In a major shift for local government funding, the New Zealand Government has confirmed plans to restrict annual council rate increases to between 2% and 4% per capita. The move aims to protect what the Government calls local government's “social licence” while addressing concerns over rising household costs due to steep rates hikes.

Local Government Minister Simon Watts said the full cap will be in place by 2029, though councils will start adapting from January 2027. From that date, councils will need to consider the cap’s impact in their long-term plans and report on key financial metrics like wage costs, local infrastructure deficits, and rates as a percentage of local house prices.

The proposed model sets a target range based on long-term economic indicators. “We’ve picked a number which is bounded by medium-term inflation and long-run economic growth,” said Prime Minister Christopher Luxon. “Pitching somewhere in the middle with a band rather than just a single number and a single cap is actually a smart way to go about it.”

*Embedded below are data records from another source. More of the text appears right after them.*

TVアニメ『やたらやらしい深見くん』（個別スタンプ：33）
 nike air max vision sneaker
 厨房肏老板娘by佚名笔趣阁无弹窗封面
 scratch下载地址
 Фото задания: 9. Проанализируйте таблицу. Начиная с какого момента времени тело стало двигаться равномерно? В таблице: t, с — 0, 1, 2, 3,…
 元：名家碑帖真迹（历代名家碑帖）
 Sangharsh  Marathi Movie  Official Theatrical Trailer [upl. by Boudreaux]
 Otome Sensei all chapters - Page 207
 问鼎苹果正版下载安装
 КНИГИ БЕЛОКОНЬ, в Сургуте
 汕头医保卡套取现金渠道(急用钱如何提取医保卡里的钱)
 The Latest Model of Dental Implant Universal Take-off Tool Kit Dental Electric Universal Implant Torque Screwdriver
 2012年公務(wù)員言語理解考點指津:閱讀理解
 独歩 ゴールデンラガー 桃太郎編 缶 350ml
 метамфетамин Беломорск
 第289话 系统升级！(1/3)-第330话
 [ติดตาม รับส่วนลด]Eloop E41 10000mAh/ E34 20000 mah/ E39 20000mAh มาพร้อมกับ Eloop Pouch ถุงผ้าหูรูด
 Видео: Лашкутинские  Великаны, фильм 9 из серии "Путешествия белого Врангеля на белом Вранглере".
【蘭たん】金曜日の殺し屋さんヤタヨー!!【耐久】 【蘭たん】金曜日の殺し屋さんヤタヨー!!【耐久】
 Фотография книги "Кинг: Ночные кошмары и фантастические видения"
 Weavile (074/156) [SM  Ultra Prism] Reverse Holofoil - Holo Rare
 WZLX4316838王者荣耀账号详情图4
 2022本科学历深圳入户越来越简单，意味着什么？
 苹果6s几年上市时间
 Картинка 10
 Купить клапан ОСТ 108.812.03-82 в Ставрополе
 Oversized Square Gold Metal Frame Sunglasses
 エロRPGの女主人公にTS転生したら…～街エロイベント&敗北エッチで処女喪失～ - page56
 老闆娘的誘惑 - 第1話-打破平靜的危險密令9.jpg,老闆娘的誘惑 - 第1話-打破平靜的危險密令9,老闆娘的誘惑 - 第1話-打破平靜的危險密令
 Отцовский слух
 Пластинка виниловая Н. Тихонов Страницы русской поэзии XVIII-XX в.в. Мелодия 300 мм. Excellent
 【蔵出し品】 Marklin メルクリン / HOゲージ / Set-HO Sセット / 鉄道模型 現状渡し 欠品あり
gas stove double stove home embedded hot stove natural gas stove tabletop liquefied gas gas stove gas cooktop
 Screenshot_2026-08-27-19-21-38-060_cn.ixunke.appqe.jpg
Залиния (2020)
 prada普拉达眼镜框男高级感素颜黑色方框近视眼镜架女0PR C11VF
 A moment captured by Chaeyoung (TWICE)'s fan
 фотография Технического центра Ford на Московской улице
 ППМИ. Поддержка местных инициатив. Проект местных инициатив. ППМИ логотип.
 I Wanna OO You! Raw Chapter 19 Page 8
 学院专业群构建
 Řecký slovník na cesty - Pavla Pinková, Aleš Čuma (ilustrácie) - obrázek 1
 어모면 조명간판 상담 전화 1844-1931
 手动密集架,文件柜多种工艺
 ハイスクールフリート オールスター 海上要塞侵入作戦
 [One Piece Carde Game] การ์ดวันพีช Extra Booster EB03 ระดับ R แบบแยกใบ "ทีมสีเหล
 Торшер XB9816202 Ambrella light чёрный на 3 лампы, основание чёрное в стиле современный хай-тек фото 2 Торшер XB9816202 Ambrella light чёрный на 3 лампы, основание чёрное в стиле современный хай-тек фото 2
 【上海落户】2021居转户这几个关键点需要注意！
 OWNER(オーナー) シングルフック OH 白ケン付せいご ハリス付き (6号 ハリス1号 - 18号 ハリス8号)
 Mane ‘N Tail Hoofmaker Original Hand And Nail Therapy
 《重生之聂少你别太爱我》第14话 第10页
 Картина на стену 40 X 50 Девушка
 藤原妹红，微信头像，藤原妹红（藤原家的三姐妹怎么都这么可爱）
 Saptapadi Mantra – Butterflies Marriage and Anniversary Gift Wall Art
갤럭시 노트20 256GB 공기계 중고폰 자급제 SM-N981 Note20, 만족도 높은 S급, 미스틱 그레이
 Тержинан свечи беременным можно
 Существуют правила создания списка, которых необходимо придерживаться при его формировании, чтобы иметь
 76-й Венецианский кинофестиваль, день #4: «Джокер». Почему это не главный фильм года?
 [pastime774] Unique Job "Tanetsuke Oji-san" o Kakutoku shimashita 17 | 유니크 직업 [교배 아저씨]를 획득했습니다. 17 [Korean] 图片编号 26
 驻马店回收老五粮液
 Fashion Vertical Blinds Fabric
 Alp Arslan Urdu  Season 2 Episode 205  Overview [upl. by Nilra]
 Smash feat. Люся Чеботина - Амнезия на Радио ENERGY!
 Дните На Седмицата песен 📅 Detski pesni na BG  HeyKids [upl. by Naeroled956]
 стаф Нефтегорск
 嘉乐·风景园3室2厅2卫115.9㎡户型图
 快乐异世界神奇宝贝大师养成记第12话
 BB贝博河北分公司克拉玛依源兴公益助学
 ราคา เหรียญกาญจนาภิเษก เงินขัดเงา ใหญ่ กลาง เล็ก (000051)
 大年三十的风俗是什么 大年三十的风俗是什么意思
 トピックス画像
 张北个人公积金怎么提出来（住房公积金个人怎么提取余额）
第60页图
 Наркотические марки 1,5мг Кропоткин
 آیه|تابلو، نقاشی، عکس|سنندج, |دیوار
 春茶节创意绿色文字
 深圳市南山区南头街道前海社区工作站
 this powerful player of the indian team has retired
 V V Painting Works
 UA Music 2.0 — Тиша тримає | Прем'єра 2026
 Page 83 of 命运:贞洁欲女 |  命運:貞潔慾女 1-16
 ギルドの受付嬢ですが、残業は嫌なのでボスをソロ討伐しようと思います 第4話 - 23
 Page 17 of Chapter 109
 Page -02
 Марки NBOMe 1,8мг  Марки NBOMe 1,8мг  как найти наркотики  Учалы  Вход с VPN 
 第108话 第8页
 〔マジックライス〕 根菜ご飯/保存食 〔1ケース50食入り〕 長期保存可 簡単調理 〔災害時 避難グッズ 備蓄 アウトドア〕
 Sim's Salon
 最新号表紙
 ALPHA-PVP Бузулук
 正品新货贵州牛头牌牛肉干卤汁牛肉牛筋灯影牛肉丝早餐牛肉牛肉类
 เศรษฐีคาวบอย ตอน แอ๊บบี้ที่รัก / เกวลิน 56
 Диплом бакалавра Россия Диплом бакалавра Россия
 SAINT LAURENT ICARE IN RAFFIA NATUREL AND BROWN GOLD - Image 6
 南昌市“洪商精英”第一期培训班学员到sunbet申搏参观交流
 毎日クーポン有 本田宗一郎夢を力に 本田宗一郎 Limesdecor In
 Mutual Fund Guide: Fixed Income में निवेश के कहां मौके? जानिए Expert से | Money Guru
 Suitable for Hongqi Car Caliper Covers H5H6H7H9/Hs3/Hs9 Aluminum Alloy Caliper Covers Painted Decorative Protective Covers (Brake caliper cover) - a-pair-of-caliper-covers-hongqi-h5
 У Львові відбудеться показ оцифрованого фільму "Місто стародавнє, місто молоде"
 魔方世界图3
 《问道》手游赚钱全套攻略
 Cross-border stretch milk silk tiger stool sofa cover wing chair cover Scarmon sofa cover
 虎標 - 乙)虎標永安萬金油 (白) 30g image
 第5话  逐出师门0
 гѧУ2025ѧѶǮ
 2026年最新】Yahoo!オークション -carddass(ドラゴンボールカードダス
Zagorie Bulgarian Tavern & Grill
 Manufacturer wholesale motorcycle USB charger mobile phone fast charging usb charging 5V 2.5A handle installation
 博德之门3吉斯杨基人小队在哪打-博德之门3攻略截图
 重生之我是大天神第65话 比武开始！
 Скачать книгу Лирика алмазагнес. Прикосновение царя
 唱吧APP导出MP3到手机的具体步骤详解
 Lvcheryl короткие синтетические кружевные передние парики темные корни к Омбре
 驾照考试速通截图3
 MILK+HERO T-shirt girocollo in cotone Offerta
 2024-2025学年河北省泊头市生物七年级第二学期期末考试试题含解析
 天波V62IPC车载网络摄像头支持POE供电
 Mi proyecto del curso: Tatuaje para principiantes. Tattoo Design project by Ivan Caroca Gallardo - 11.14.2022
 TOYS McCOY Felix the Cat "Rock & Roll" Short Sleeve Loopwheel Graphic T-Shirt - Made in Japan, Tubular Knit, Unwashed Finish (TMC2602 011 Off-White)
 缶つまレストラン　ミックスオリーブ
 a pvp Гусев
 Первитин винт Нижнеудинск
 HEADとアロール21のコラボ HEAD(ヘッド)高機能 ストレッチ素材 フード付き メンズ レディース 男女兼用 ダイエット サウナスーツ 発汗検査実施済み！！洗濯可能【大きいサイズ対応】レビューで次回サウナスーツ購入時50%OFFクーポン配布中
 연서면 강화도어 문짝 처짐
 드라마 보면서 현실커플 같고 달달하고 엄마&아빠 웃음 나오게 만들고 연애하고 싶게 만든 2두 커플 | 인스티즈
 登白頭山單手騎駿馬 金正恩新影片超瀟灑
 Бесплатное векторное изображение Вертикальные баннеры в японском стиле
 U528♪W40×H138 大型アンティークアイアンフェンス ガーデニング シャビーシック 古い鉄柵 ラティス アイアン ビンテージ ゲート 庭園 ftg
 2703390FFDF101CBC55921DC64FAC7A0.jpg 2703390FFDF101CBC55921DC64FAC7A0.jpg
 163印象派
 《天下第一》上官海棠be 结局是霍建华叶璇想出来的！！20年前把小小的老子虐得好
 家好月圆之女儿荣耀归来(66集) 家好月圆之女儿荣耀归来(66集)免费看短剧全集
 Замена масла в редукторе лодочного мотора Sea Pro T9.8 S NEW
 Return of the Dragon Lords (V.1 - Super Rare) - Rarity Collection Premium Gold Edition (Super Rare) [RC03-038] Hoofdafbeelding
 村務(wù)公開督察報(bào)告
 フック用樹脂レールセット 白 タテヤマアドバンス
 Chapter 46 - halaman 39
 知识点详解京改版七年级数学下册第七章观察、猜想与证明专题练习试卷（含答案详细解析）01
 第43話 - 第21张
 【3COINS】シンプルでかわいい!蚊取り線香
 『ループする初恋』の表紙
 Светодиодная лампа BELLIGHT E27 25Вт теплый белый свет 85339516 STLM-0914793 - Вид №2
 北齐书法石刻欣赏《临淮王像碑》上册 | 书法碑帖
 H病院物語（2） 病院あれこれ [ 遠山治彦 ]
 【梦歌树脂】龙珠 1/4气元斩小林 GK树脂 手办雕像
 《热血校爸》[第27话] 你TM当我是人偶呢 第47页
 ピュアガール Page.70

Watts added, “Analysis suggests a target range of 2% to 4% per capita, per year. This means rates increases would be limited to a maximum of 4%. A minimum increase is necessary so councils can continue to provide essential services like rubbish collection, council roads maintenance and the management of parks and libraries.”

Luxon said the cap would ensure ratepayers aren’t burdened with unaffordable increases, noting that “some communities have faced double-digit increases year after year. This is unsustainable.” He also stated that the government had no plans to allow councils to charge tourists through local levies such as bed taxes.

The cap will apply to all sources of rates, including general rates, targeted rates and uniform annual charges. It will not apply to water charges or non-rates revenue like fees. Councils wanting to exceed the 4% upper limit will need special permission from a government-appointed regulator, and only under extreme conditions such as natural disasters.

The new regulator will be established during the transition period from 2027 to 2029, with the Department of Internal Affairs overseeing the early monitoring. Councils will need to justify any exceptions and demonstrate how they will return to the capped range over time.

Luxon said ratepayers were "fed up", and that local authorities must mirror the same financial discipline expected of families and central government. Watts emphasised that the cap should not be viewed as a tool to freeze rates, stating, “We are capping inefficiency.”

Consultation with stakeholders has already begun and will run until February 2026. Legislation is expected to pass that same year, making the cap law from 1 January 2027.